ひかげのかずらに覆われていない外側にも、かすかに黄昏時(たそがれどき)が迫り、庭に咲き溢れている花の香りは何かしら和んでいるように感じられる。これから江戸に向けて東に向かうから、東海中の三仙山の事を意識する事になろうが、まずは清見寺の梅林と雲に聳(そび)える富士山を忘れる事は無かろう。

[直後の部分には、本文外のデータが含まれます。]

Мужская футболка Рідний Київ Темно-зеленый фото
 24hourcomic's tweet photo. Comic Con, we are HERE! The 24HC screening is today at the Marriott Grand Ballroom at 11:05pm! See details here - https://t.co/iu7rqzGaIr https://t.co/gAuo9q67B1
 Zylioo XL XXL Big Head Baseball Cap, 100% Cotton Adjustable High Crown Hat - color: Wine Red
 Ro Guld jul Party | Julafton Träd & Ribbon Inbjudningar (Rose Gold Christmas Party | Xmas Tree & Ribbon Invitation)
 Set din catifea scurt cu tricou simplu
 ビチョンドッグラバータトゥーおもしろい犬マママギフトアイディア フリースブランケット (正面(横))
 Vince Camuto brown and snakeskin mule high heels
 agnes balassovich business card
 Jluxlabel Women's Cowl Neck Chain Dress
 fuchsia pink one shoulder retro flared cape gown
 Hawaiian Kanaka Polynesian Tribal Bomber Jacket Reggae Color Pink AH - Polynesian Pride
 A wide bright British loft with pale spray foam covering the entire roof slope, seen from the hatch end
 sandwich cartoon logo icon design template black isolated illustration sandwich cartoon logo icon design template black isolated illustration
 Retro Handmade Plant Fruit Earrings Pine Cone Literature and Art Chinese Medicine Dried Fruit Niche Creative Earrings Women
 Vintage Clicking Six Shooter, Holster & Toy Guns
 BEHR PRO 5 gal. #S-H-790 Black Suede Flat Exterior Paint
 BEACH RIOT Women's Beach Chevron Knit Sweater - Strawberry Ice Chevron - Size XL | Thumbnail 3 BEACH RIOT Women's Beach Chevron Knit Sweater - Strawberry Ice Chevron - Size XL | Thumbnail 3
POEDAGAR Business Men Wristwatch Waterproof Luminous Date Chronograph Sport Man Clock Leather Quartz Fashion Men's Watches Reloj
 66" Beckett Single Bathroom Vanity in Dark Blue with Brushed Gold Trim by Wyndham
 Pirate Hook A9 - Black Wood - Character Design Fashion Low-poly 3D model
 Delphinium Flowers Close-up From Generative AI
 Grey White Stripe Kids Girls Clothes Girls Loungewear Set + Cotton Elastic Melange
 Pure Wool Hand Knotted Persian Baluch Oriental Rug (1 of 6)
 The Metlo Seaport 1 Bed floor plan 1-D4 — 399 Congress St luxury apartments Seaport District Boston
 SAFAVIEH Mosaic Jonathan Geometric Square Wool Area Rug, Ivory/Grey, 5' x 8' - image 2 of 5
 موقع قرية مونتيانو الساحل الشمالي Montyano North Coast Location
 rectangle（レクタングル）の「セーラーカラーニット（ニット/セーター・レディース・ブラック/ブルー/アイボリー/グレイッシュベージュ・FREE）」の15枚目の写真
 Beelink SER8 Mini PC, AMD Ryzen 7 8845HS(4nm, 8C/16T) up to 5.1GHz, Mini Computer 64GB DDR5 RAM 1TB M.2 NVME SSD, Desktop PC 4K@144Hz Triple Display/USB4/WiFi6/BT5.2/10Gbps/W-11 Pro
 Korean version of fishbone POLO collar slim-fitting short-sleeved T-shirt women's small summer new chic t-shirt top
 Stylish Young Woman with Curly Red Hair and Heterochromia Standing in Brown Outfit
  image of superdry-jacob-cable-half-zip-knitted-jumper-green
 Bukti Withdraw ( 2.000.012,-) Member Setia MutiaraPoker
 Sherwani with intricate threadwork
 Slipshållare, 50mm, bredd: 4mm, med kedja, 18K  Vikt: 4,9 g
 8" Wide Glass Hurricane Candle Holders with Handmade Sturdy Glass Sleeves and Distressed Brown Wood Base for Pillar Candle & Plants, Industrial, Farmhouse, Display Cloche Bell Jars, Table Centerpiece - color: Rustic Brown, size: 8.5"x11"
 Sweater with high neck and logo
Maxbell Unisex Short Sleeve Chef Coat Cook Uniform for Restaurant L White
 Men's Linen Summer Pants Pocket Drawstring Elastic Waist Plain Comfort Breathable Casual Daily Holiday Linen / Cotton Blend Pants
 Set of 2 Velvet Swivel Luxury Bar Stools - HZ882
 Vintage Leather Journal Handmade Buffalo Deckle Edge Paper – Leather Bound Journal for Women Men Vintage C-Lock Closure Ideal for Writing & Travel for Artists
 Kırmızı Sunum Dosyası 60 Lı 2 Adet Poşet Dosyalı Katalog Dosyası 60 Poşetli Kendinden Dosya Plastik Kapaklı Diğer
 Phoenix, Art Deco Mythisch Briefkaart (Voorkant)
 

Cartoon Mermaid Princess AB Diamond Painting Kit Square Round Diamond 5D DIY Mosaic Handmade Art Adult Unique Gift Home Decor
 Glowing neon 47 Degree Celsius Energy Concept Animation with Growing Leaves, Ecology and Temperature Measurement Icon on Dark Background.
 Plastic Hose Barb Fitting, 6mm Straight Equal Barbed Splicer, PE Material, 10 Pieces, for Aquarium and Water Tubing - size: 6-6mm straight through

Twilight gently approaches outside, which is not yet covered by vines of shade, and the scent of flowers blooming thick in the garden is softened. From now we head east for Edo. I remain aware of the sacred mountains in the eastern sea, but first, I shall never forget seeing the ume groves of Seikenji and Mount Fuji looming over the clouds.

조옥선승에게 화답하여

댕댕이 덩굴 너머 그윽한 약속 성양에 가까운데
뜰 가득 꽃 기운이 자욱하게 진동한다.
동쪽에 와 특별히 마음 둔 곳은
청견사의 매화숲과 부악의 구름.

용연

*成大中(1732-1812年)・・字は士執、号は龍淵または青城で、本貫は昌寧。孝宗丙子年(1756年)の文科庭試に合格し、癸未年(1763年)に書記として参加して官職は府使になった。
*富岳・・清見寺から眺める富士山。